Anyway – I want to use Description to exclude updates for builds I know I don’t have in my environment but can’t figure out the usage. For instance, I’d like to add a description filter for:
-“Windows 10 Version 1511” (The intent being any description which contains that exact phrase.)
It doesn’t seem to matter, though, what I type into the filter – I either get everything excluded, or everything included.
Any gotchas about the description filter, or references about it? I’m pretty aggressive about reading the documentation and it doesn’t say a lot more than the context description on the Description Filter dialogue box.
Actually – I should clarify. It doesn’t matter what I type into a description filter, _as measured by clicking on the “Preview” button_….I get all or nothing. I haven’t actually tried letting an ADR rule run with a description filter.
Hmm, I’ve never used that field before but from the looks of it it should work similar to the title. As I understand it, if you use quotation marks that means the entire description field must match that exactly.
To be honest though, if you want to exclude certain builds … why use description over the title field?

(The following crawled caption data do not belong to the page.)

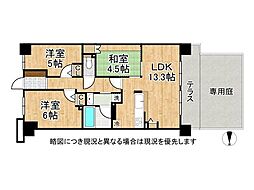 ヴォックスシティ 3LDKの間取図画像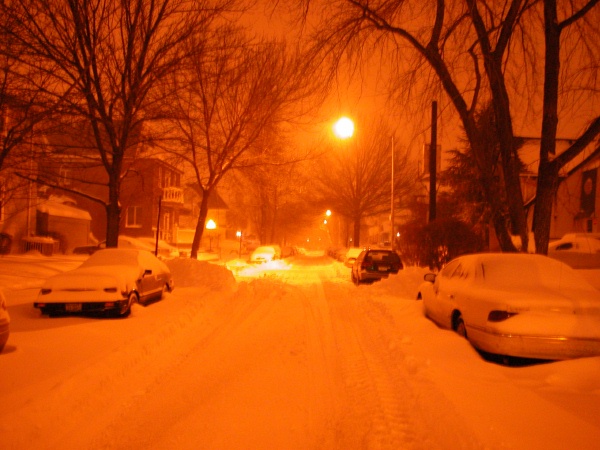 Blizzard in Brooklyn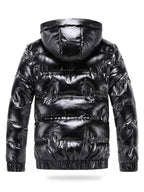 Men's Plus Size Zip Up Hooded Puffer Jacket - D.T line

Dumb carelessness. I don’t have “Title” as a filter option on the “Software Updates” tab of ADR properties, so I was substituting “Description” as if it were the same thing….which of course it isn’t.

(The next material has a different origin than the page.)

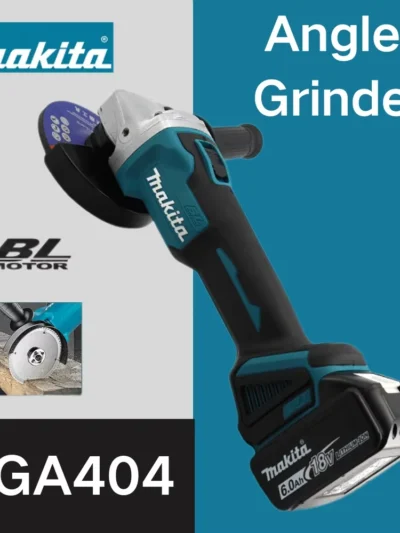 Original Makita DGA404 125mm Brushless Angle Grinder Li-ion Battery Cordless Cutting Polishing Grinding For Makita 18V Battery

So that solves that mystery….Do you have Title as a filter option? I’m on 1806 and do not.
Are you per-chance using the Architecture filters? There’s a known issue of sorts where you can’t use both. More specifically, the Architecture filters really is a Title filter and there’s some kind of problem right now.
Bullseye….well done and much appreciated!
Bryan, Thanks for this post, it’s good to see how ADRs can apply to reduce the manual work of patching.
I agree that we should select Security and Critical Updates that have not been superseded, but Microsoft sometimes supersede Critical patches that cause functional issues, replaces them by new patches, and labels the new patches with severity “None”, and marks the bad patch it replaces as “superseded”. You run the risk of either skipping a month, or deploying a patch that could cause functional issues on the clients. This situation happened in July and in Oct 2018. The only solution I have identified to get around this is to have a separate “Ad-Hoc” ADR, where you specify a small number of individual patches by name. Then you have to have additional deployments to manage this extra ADR.
I’m a bit confused by the scenario you lay out and your solution to it. Absolutely, it’s safe to say that MS is going to screw us over with poorly tested patches from time to time. The solution there is to test the patches extensively. Further, I recommend making use of the new patch offset feature to release your patches a two or more days after Patch Tuesday. Lastly, follow some people on Twitter and monitor the Sysadmin subreddit’s Patch Tuesday mega-thread. Put that all together and with any luck you will have time to hear of any bad patches, carefully scrutinize your test results, and then act accordingly. If that means waiting a month then so be it. If that means manually pushing out (instead of an ADR) something that MS re-released then that’s fine too. It’s just a matter of evaluating the security vs operational risks.
I’m working in an environment where we use ADRs and SUGs. This article is super helpful. Thank you so much!!!
Thanks Bryan, this was very helpful.
Thank you very much for this post. I find patching extremely tedious, and I’m looking for any help I can get streamlining it.
Thanks for all the hard work and the scripts!